Iorân Jeirch se sorprendió frente a aquella aseveración, esgrimida con un tono tan atiplado como atildado y casi con curiosidad infantil se aproximó al Primer Secretario.
— ¿Se estila eso por aquí?— preguntó, como un niño al que le ha caído una amenaza disciplinaria— Porque lo único que me faltaría para pensar es que estoy en el túnel del tiempo y he desembarcado dentro de un cuento de hadas en el cual converso con el Sombrerero Loco.

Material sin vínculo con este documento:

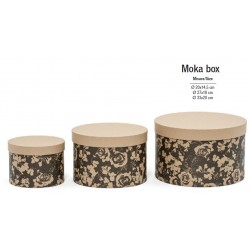 MOKA BOX SET SCATOLE TONDE 3pz ø20x14,5/27x18/33x20cm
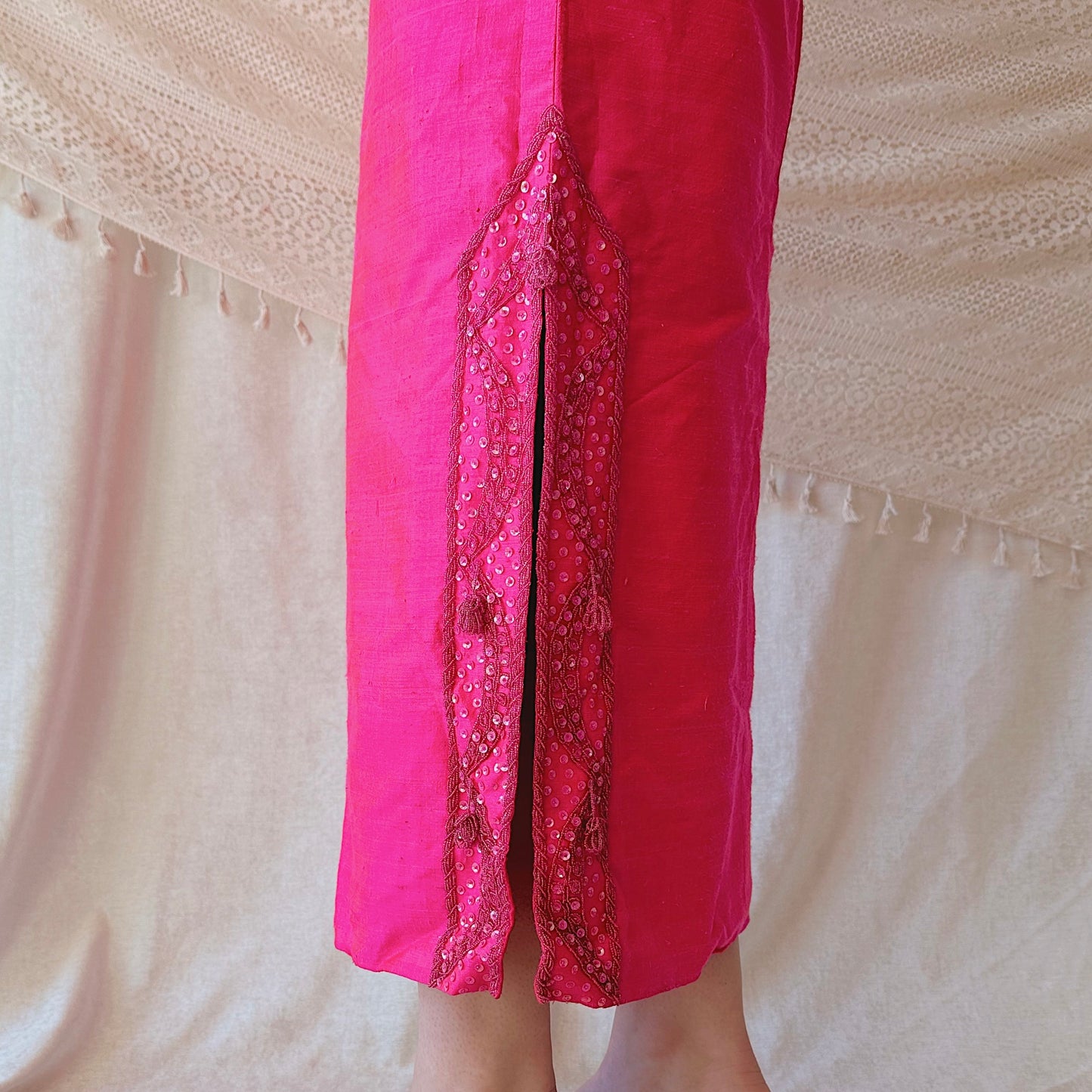 70's Hot Pink Beaded Tassel Gown / SZ 2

— Complazca a La Señora. Algo decente tendrá para entrazar.— replicó el Primer Secretario, apresurándose a alejarse de Jeirch como de la peste.
Recordando la escena, Iorân regresó los ojos al salón de las luces, incómodo dentro del rígido uniforme protocolar y tratando de que el mal humor no terminara con él antes que los enemigos de La Señora lo hicieran.
Desde aquel lugar en la penumbra, junto a la fuente de los grifos descubrió a Analisse.
— En la fuente de los grifos hay un hada.— dijo en voz alta.
— ¿Un queeeeeé?— respondió Baks, casi con un grito.